JB analisa o pedaço de papel em suas mãos, vendo toda aquela tinta ele conclui seu trabalho de me limpar. Seu rosto ainda muito próximo ao meu, aumentava a tensão agora existente entre nós. A mesma tensão do primeiro contato que tivemos no dia anterior. Sozinhos novamente, eu não poderia pensar em outra coisa a não ser beijá-lo. Junta seu rosto ainda mais ao meu, mirando diretamente meus lábios úmidos e cheios de desejo por si. Sem pressa, achega ainda mais seu rosto, quase rompendo com o espaço entre nossas bocas. Mas antes que qualquer esperança de um possível beijo fosse plenamente formada em minha mente, sinto a frieza da tinta que estava depositada no papel, tocando meu nariz. Deixo minha cabeça cair para trás, e fecho os olhos com os dentes maltratando meu lábio inferior, permitindo que assim a sensação que me cobria pudesse ser desvanecida. Jaebum sorria outra vez, moleque. Um garoto daquele tamanho e porte físico, não era muito diferente de uma criança de 11 anos correndo pela sala em comemoração à sua brincadeira infantil.
- O que houve aqui? – Jinyoung nos observava com um sorriso estampado no rosto.
- Jaebum me sujou. – Eu disse descontente.
- Mentira. Não é culpa minha se você tem um ótimo equilíbrio. – Ironizava.
- Pelo menos a sala já está um pouco melhor desde que eu deixei o Jackson sozinho. – Não compreendi o porquê da ênfase no ‘’ sozinho’’ que Jinyoung dera ao expressar-se.
No momento, questionei-me internamente como o Jaebum sabia que eu estava lá e o tom das palavras recitadas por Jinyoung.
- Vamos continuar, ainda há muito a ser feito. – Determinei.
Fui ao encontro de Jinyoung, que trazia consigo duas vassouras. Apanhei-as e joguei uma delas em direção a Jaebum. Catei outros materiais que ele trouxera em um balde e derramei-os no chão. A tinta parecia mais espalhar-se que ser retirada do chão. Mesmo com o produto, parecia não funcionar, toda a nódoa era ampliada ao invés de reduzida.
- Você está fazendo isso errado. – JB sinalizou para que eu parasse, segurando bruscamente em minha mão para que eu não despejasse mais o líquido. – Não pode simplesmente jogar produto em cima da tinta. Limpe primeiro e depois tente retirar a mancha do chão com o produto. - Fiz como indicado e obtive êxito. Fizemos o mesmo com todas as outras partes da sala.
Colocamos cada objeto em seu determinado local. Lavamos todos os pincéis e limpamos o chão, agora a sala estava inteiramente limpa. Respirei em reconforto, examinando o ambiente diferente do que estava ao começarmos. Deixei os dois no local, seguindo até o escritório do Min. Ouvi pisadas ligeiras me acompanhando e escuto a voz do Jaebum chamando meu nome.

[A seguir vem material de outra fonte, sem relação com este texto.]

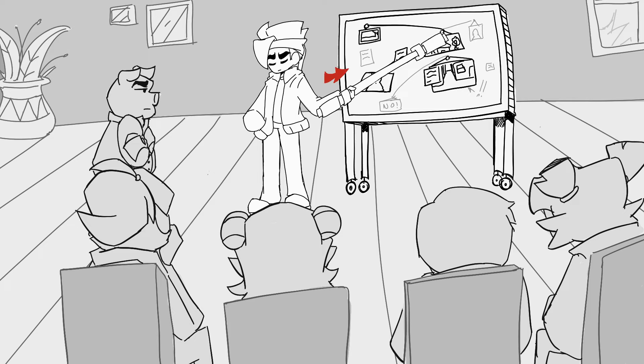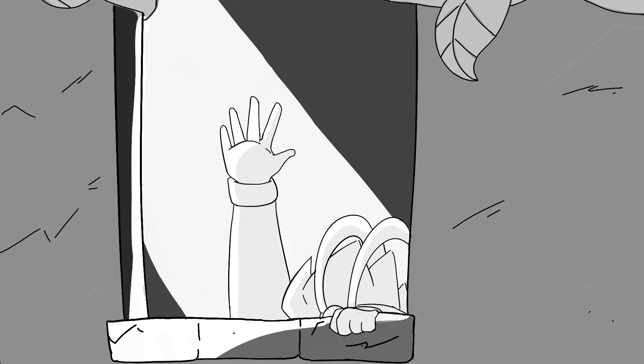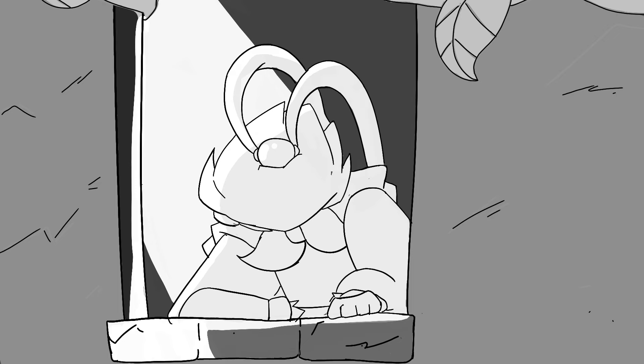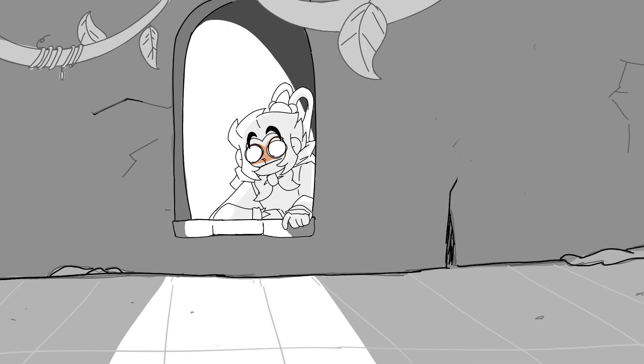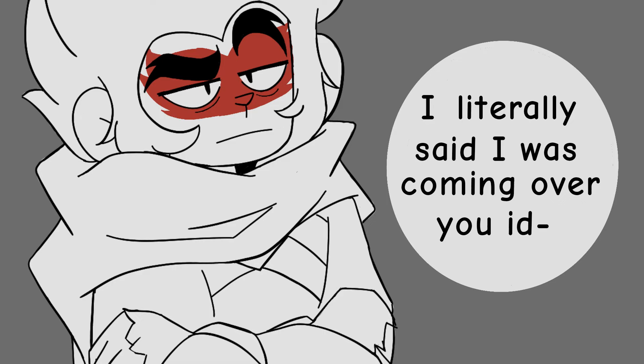Interior, hotel. Night. Sonic enters his hotel room and sees Shadow standing in the middle of the room. Oh, hey Shadow. Didn't expect to see you here.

- Espera. – Ele disse ao me alcançar.
- Por que não esperou o Jinyoung?
- Por que eu deveria?
- Você é um pouco frio... – Soltei uma leve risada abafada e continuei caminhando até meu destino. – Acho melhor eu entrar sozinho, espero Jinyoung, mas fique aqui pra não levar bronca do Min. – Alertei e vi Jinyoung chegando. Esperei para que entrássemos juntos e assim o fizemos.
Concluímos nossa tarefa diária e o diretor informou que nossa suspensão havia terminado. Voltaríamos para a sala de aula no dia seguinte, mas as tarefas continuariam, como previsto. Fiquei satisfeito de não ter a necessidade de cumprir mais tarefas que levassem quase o dia inteiro, apenas uma parte do segundo turno, assim o esforço seria menor. Com a ajuda do Jaebum, só melhoraria.